Pablo Bucciarelli ingerindo um pouco de "glicose" durante a Transmantiqueira 2013. Foto: Pedro Alex
A Serra da Mantiqueira é uma importante cadeia montanhosa, com altitudes que variam de 800 a 2.800 msnm (metros sobre o nível do mar). Está situada na região Sudeste do Brasil, entre as principais metrópoles e centros de desenvolvimento econômico do país: São Paulo, Rio de Janeiro e Belo Horizonte. Fornece as águas que correm para as bacias hidrográficas dos rios Paraíba do Sul e Paraná, conservando inúmeras riquezas socioambientais.

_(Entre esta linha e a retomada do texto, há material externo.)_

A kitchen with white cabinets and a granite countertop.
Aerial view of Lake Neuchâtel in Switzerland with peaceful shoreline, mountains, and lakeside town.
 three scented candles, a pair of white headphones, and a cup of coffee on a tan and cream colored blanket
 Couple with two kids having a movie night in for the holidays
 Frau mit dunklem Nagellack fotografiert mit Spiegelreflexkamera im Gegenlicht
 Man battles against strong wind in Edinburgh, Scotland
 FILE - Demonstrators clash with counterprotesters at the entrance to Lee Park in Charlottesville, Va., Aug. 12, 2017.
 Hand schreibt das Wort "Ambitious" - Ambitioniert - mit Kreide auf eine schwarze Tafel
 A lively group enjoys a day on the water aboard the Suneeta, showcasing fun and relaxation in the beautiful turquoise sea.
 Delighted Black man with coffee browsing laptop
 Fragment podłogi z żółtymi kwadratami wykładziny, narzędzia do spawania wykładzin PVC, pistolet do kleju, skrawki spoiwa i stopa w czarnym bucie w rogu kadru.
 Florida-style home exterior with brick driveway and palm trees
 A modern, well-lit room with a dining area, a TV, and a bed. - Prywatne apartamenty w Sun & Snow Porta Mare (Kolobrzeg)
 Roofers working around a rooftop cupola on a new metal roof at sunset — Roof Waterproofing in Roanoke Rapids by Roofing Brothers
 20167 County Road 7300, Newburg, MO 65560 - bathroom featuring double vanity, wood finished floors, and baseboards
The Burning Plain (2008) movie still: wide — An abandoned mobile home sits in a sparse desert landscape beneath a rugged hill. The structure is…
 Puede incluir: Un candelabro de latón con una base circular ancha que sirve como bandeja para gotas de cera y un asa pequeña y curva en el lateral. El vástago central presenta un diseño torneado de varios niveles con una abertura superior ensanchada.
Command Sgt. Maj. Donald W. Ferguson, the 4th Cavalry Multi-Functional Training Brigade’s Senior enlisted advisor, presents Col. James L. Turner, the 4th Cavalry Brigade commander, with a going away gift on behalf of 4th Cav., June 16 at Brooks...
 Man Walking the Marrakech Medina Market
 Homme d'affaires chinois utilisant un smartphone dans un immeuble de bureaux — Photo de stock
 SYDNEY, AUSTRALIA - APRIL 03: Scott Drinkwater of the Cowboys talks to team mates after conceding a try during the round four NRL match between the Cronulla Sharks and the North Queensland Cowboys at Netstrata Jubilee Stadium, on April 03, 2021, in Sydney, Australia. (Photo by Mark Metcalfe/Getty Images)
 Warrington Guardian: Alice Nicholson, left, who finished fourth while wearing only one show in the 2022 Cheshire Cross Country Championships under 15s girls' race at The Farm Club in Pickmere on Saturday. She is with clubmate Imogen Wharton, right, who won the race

A Mantiqueira contém remanescentes de ecossistemas do bioma Mata Atlântica, habitat para várias espécies endêmicas. Sua vegetação é diversa por causa das diferenças climáticas dos níveis de altitude. Nas regiões abaixo de 1.100 msnm, predomina a Floresta Ombrófila Densa Montana. Entre 1.100 e 2.000 msnm encontra-se a Floresta Ombrófila Densa Altomontana e florestas mistas, com a presença de araucária. Na transição para as regiões mais altas, aparece uma vegetação mais baixa e uniforme, como os bosques de candeias. Acima de 1.800 msnm, encontram-se também campos de altitude, contendo capins altos em solos pedregosos e espécies adaptadas ao frio. Aliás, Pablo terá pela frente uma vegetação já bem nutrida depois das chuvas de verão, especialmente o capim elefante tão conhecido dos andarilhos da Serra Fina.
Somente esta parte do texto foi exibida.